Where the line containing "Plain Air-Geronium-Blue Coral-Eggshell" appears in the records below, begin there and output each line verbatim through the last line.

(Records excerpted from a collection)

╔══

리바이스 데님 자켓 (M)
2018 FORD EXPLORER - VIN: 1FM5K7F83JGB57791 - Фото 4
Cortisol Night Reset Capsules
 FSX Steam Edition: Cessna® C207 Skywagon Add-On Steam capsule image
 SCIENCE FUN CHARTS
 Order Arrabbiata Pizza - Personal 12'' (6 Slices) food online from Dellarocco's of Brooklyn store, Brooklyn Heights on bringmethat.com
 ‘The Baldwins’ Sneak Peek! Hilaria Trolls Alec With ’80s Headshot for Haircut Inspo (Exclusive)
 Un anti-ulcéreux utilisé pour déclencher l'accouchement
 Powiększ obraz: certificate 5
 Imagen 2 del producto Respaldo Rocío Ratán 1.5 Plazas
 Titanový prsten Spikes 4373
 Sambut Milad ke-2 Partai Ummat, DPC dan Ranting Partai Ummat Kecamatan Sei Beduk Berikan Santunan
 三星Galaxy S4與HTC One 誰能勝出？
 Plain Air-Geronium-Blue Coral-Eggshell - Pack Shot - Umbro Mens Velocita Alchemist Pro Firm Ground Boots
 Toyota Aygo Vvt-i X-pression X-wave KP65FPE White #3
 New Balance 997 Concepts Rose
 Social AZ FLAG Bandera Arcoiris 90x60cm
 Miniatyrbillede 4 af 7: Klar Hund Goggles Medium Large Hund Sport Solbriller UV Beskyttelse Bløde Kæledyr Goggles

╚══

* _Answer section_:
 Plain Air-Geronium-Blue Coral-Eggshell - Pack Shot - Umbro Mens Velocita Alchemist Pro Firm Ground Boots
 Toyota Aygo Vvt-i X-pression X-wave KP65FPE White #3
 New Balance 997 Concepts Rose
 Social AZ FLAG Bandera Arcoiris 90x60cm
 Miniatyrbillede 4 af 7: Klar Hund Goggles Medium Large Hund Sport Solbriller UV Beskyttelse Bløde Kæledyr Goggles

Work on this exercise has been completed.